▶ [PROMPT] Please return every record exactly, with no pictures included.

▶ [DATA]
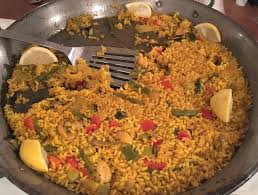 Paella De Verduras 0 Verduras Paella Comida Sana Recetas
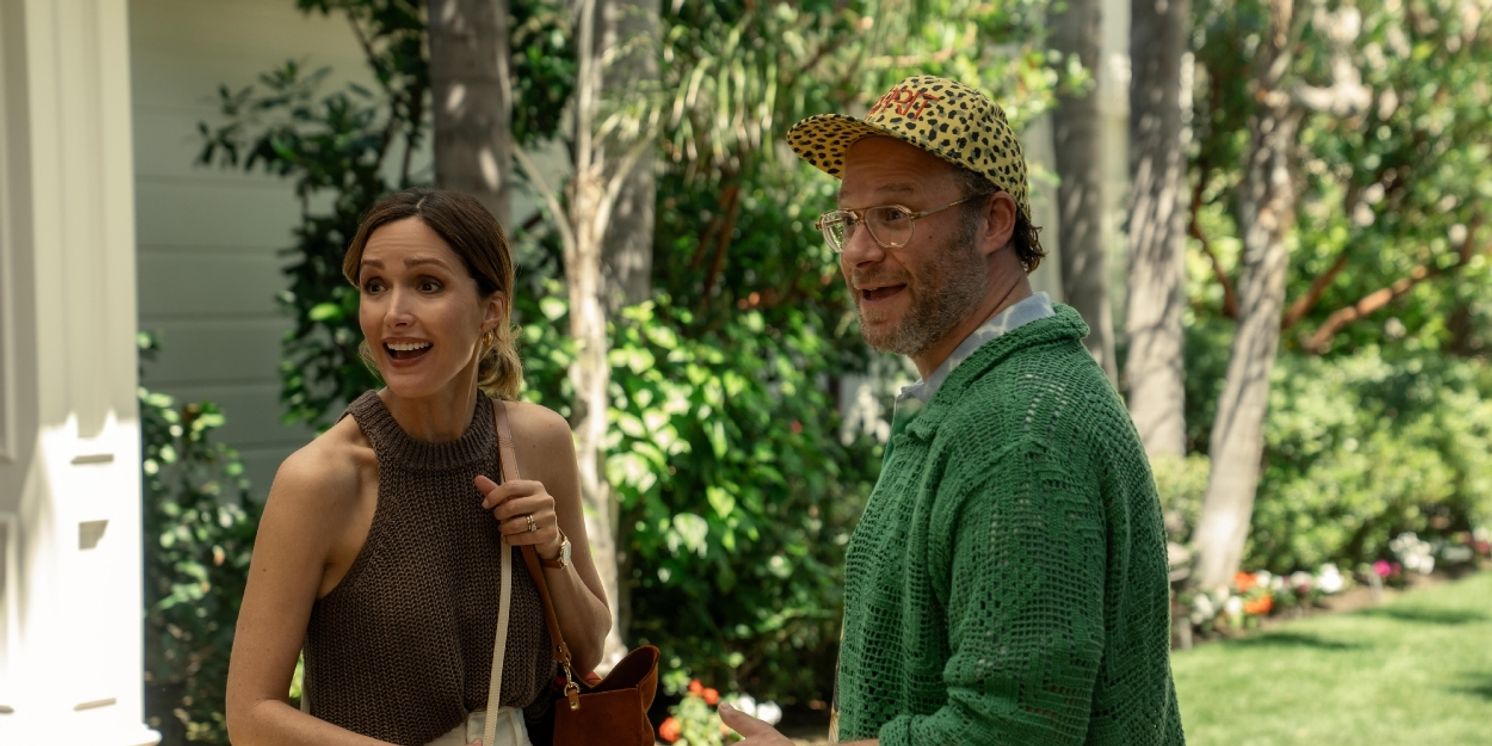 Apple TV+ Reveals First Look at PLATONIC Season Two with Seth Rogen and Rose Byrne  Image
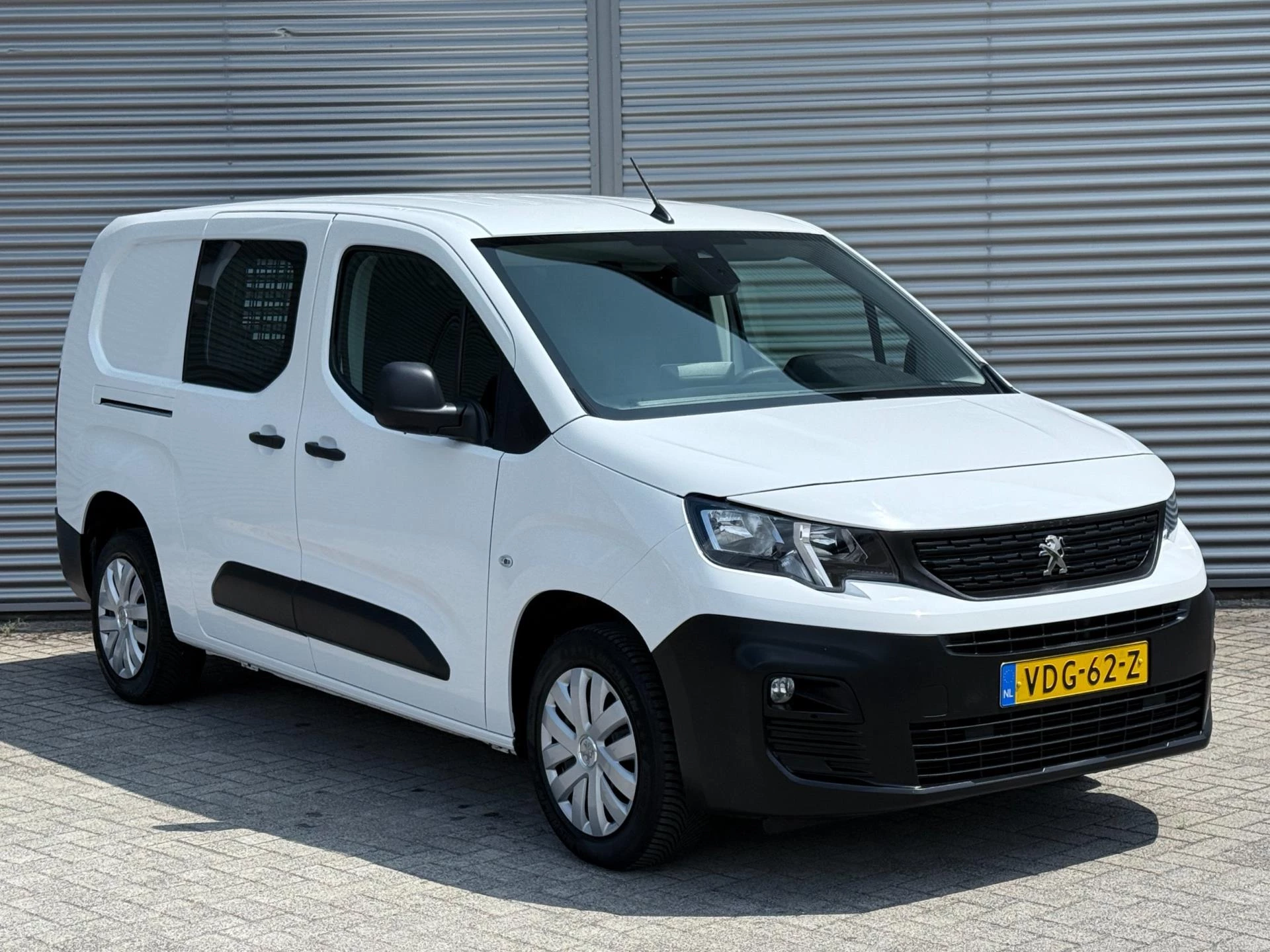 Hoofdafbeelding Peugeot Partner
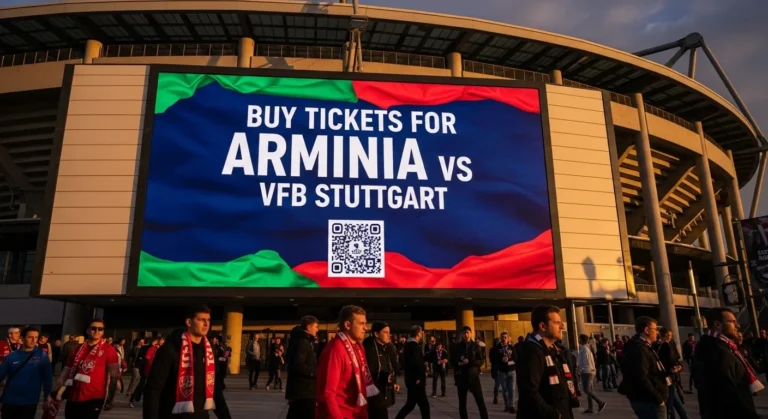 Buy Tickets for Arminia vs VfB Stuttgart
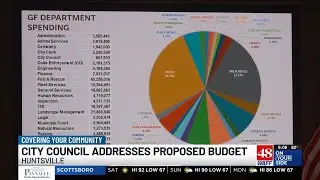 Huntsville City Council members call the future city budget conservative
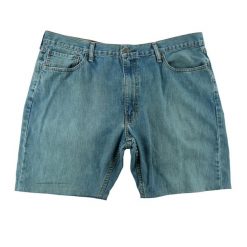 Second life - Levi Strauss szorty męskie 559 W40 - Jak nowy. Niebieskie szorty męskie Levi's, l. Za 85.16 zł.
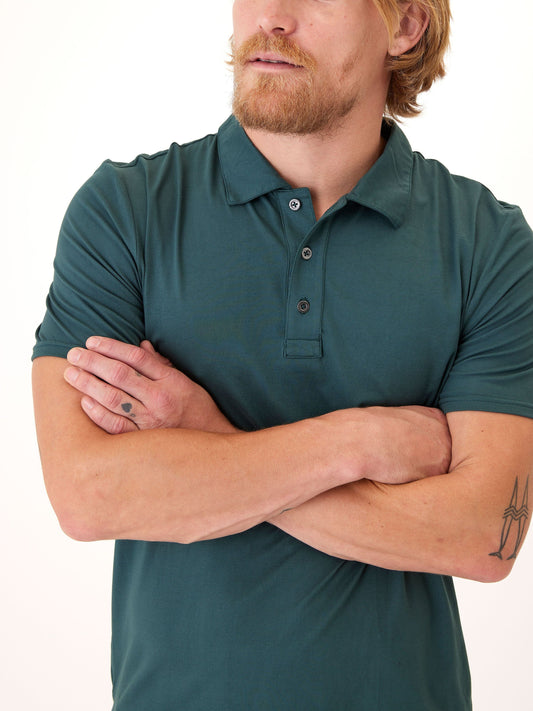 Henrique Luxe Jersey Polo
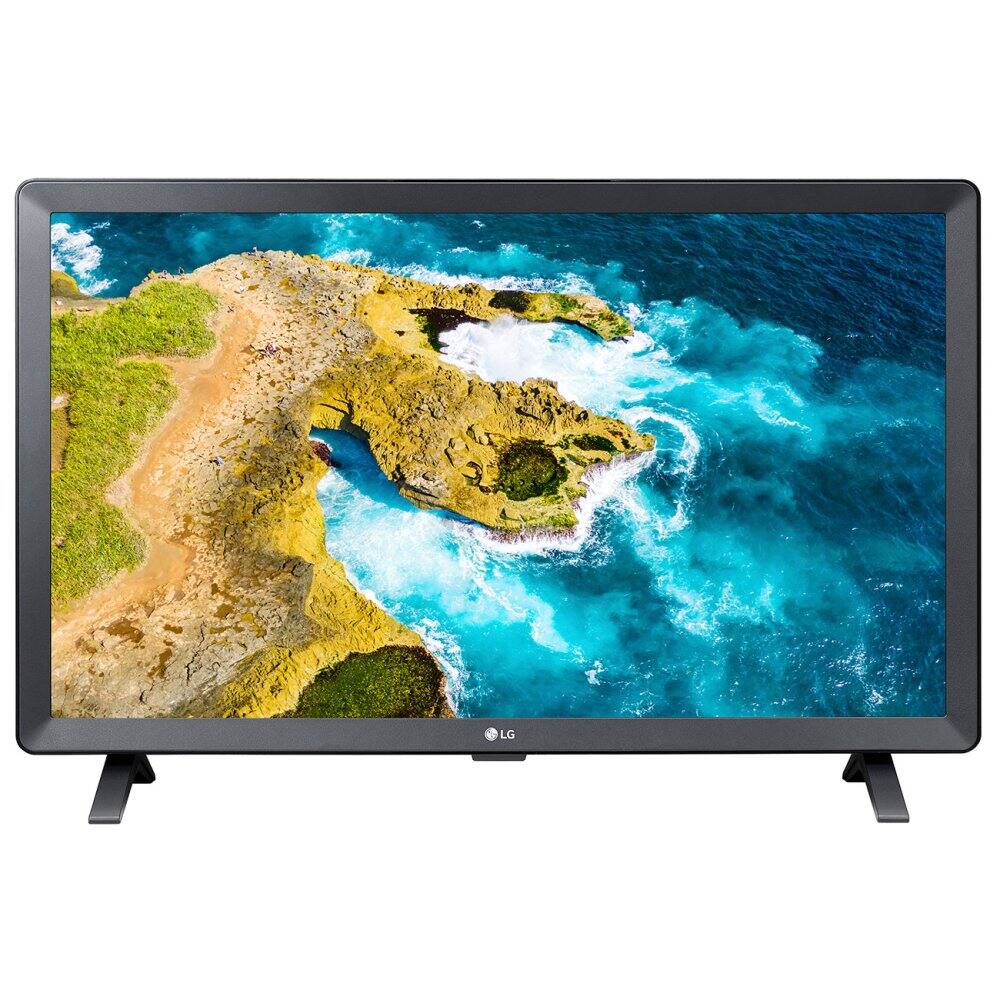 Alt View 2. LG - 24" Class LED HD Smart webOS TV (2024) + 1 Year Extended Warranty Protection Plan Bundle.
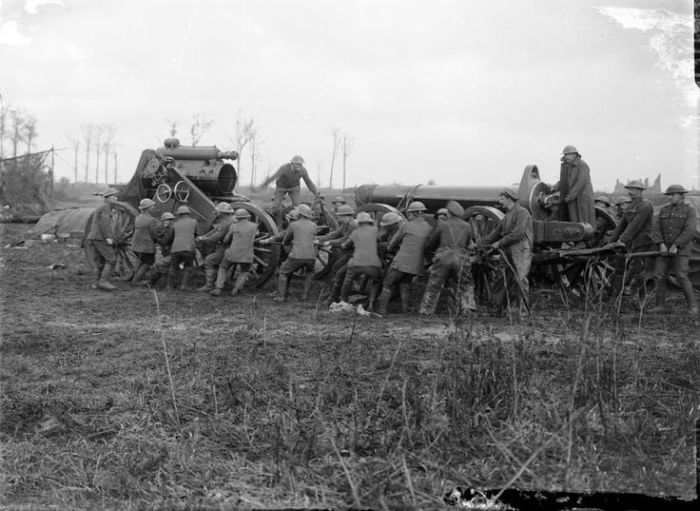 A1 Ypres Artillery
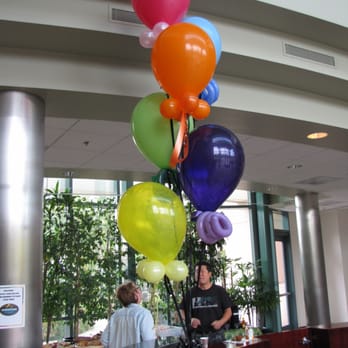 Balloons by Robin - Close-up of the reception bouquets. - Balloon Services Near Me - North Port, Florida Balloons by Robin - Close-up of the reception bouquets. - Balloon Services Near Me - North Port, Florida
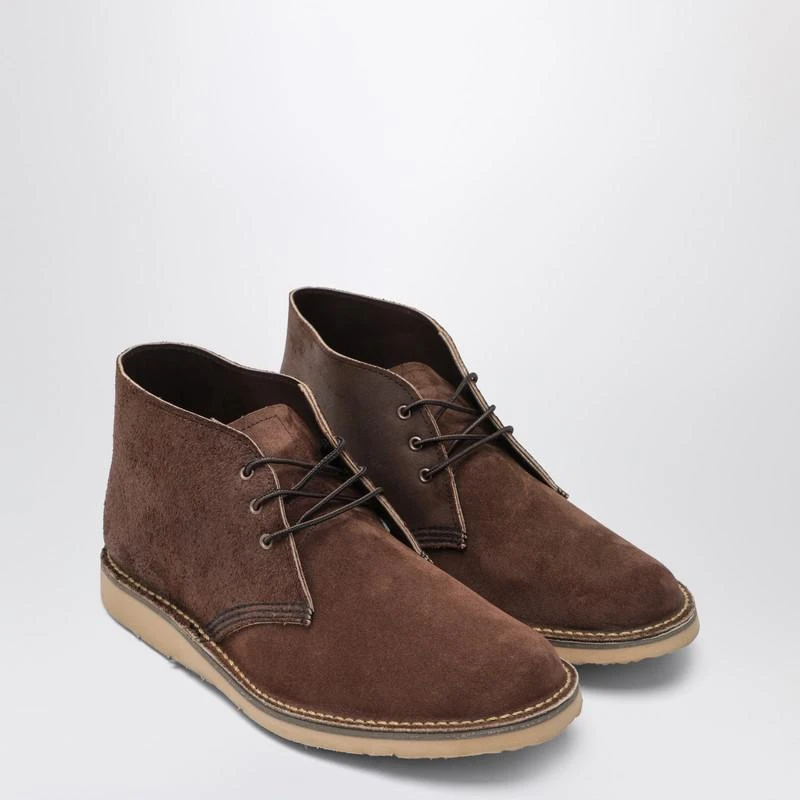 Red Wing Weekender Chukka Chocolate lace-up shoe 2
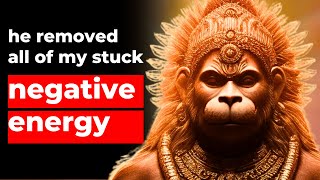 The Most Powerful Hanuman Mantra To Remove Negative Energy  12 Powerful Names of Lord Hanuman1hr [upl. by Dorsman]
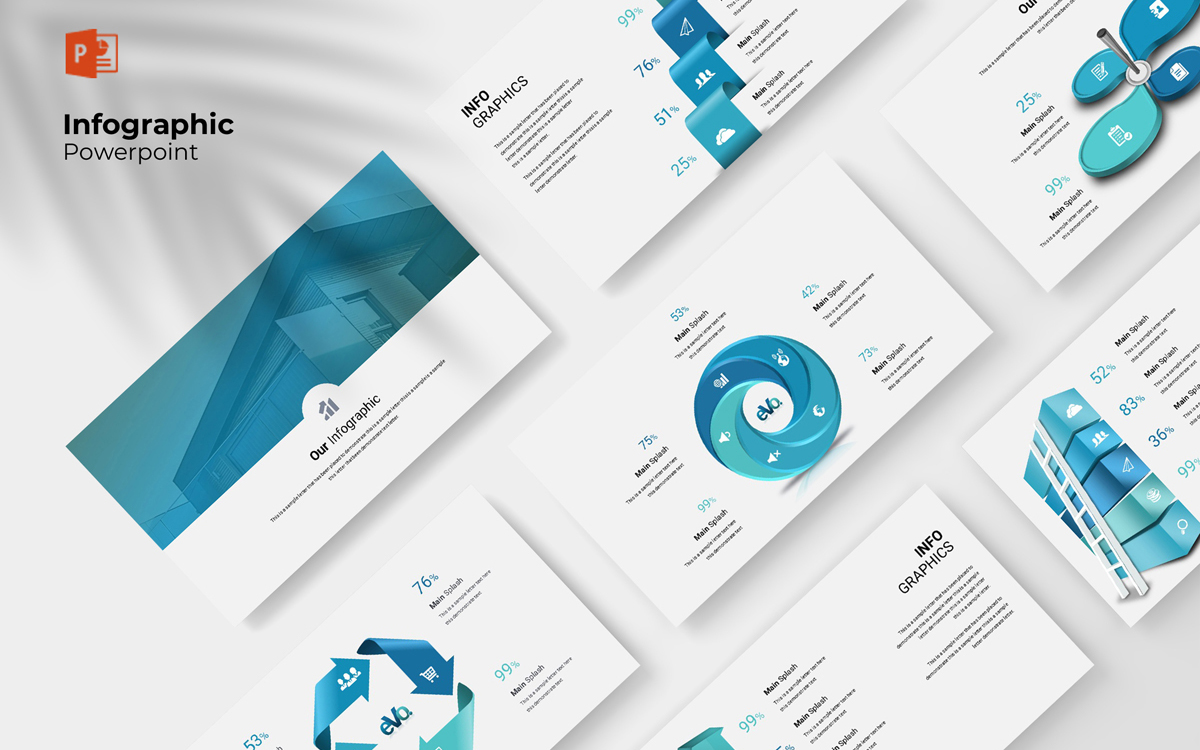 Infographic PowerPoint Templates.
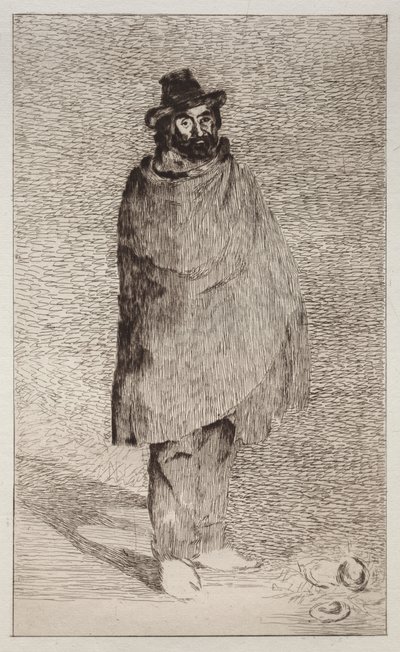 哲学者 作： Édouard Manet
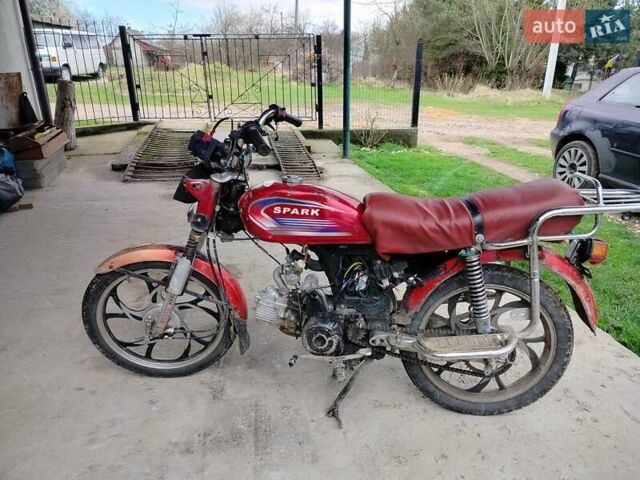 Красный Спарк SP 110C-2C, объемом двигателя 0 л и пробегом 10 тыс. км за 130 $, фото 1 на Automoto.ua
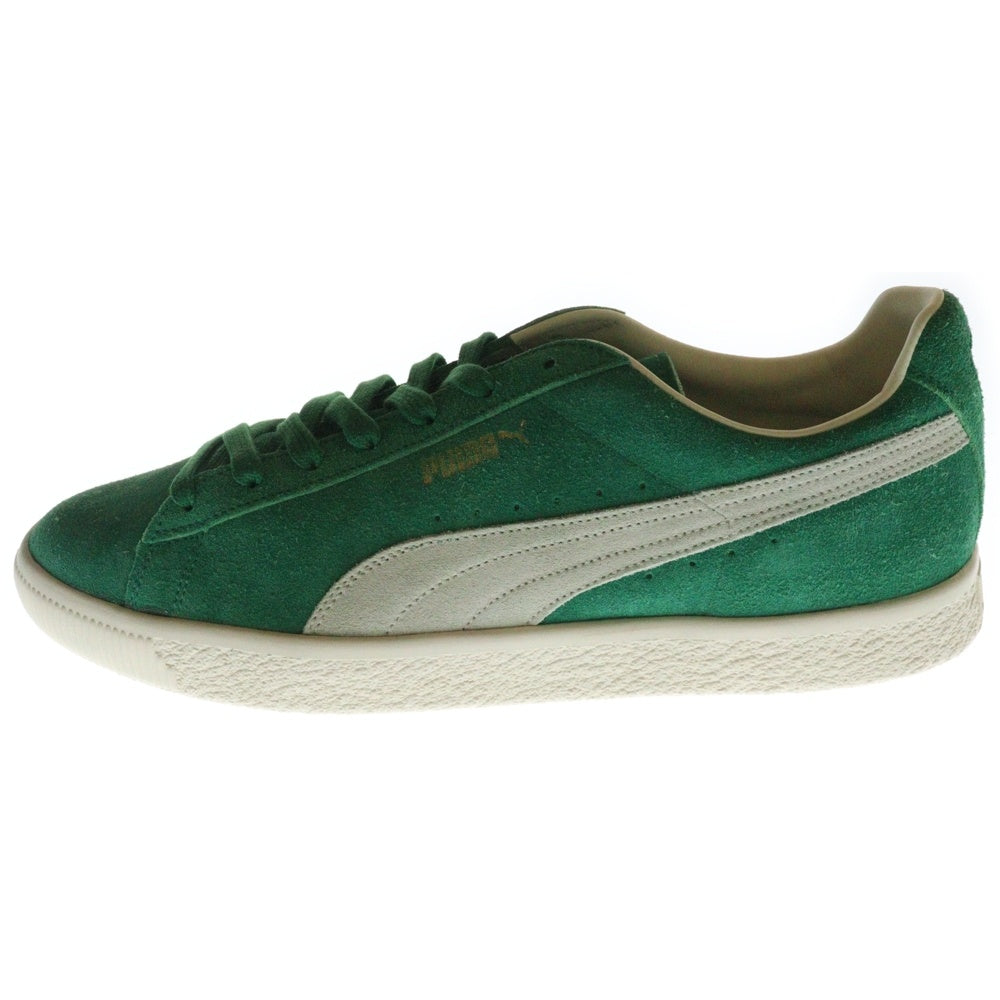 PUMA(プーマ) ×atoms SUEDE VTG AGED MIJ アトモス スウェード ヴィンテージ ローカットスニーカー グリーン US8.5/26.5cm 386309-03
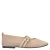 No Stress – Dames – Beige suède ballerina’s –
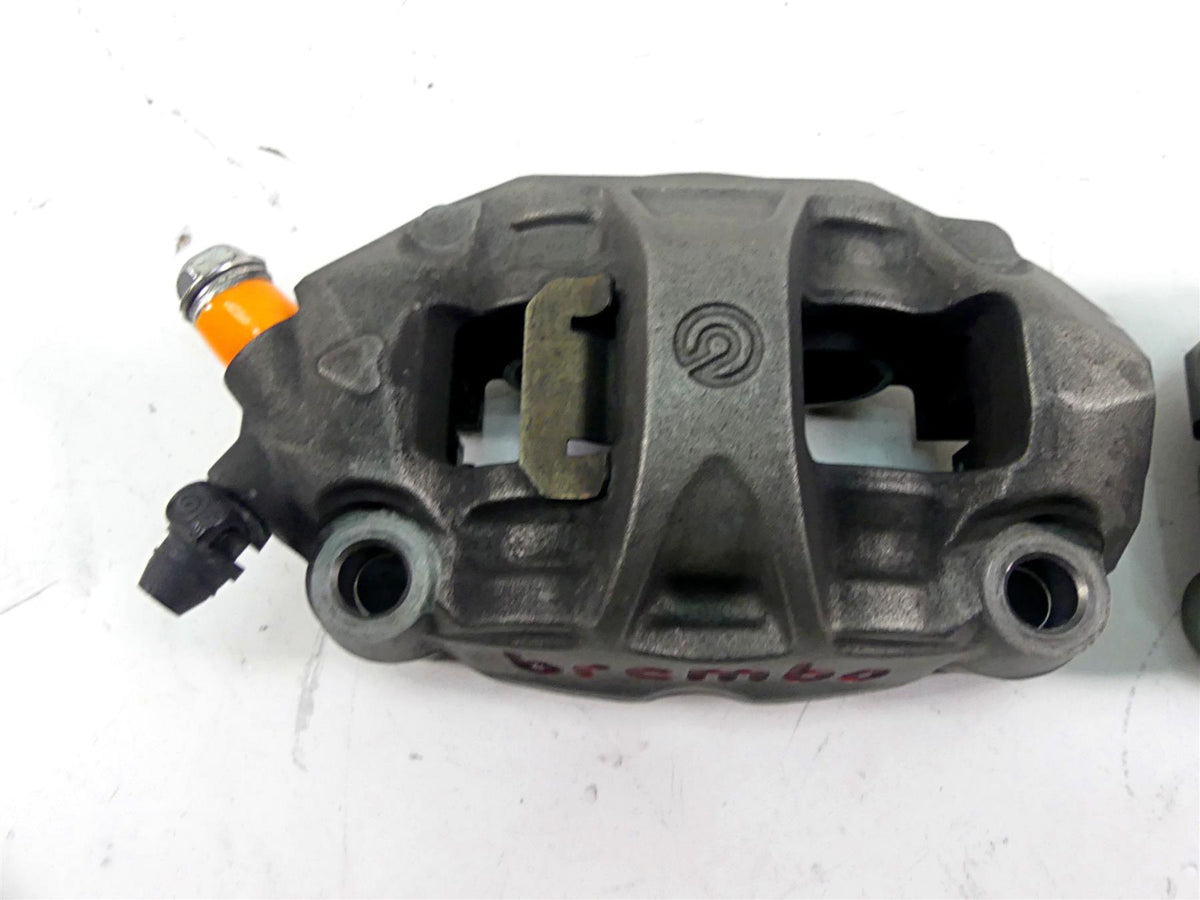 2017 Kawasaki ZX1400 ZX14R Ninja Brembo Front Brake Caliper Set 43080-0172-51J {{ shop.shopifyCountryName }} - Mototech271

▶ [ANSWER TO THE PROBLEM]
 Paella De Verduras 0 Verduras Paella Comida Sana Recetas
 Apple TV+ Reveals First Look at PLATONIC Season Two with Seth Rogen and Rose Byrne  Image
 Hoofdafbeelding Peugeot Partner
 Buy Tickets for Arminia vs VfB Stuttgart
 Huntsville City Council members call the future city budget conservative
 Second life - Levi Strauss szorty męskie 559 W40 - Jak nowy. Niebieskie szorty męskie Levi's, l. Za 85.16 zł.
 Henrique Luxe Jersey Polo
 Alt View 2. LG - 24" Class LED HD Smart webOS TV (2024) + 1 Year Extended Warranty Protection Plan Bundle.
 A1 Ypres Artillery
 Balloons by Robin - Close-up of the reception bouquets. - Balloon Services Near Me - North Port, Florida Balloons by Robin - Close-up of the reception bouquets. - Balloon Services Near Me - North Port, Florida
 Red Wing Weekender Chukka Chocolate lace-up shoe 2
 The Most Powerful Hanuman Mantra To Remove Negative Energy  12 Powerful Names of Lord Hanuman1hr [upl. by Dorsman]
 Infographic PowerPoint Templates.
 哲学者 作： Édouard Manet
 Красный Спарк SP 110C-2C, объемом двигателя 0 л и пробегом 10 тыс. км за 130 $, фото 1 на Automoto.ua
 PUMA(プーマ) ×atoms SUEDE VTG AGED MIJ アトモス スウェード ヴィンテージ ローカットスニーカー グリーン US8.5/26.5cm 386309-03
 No Stress – Dames – Beige suède ballerina’s –
 2017 Kawasaki ZX1400 ZX14R Ninja Brembo Front Brake Caliper Set 43080-0172-51J {{ shop.shopifyCountryName }} - Mototech271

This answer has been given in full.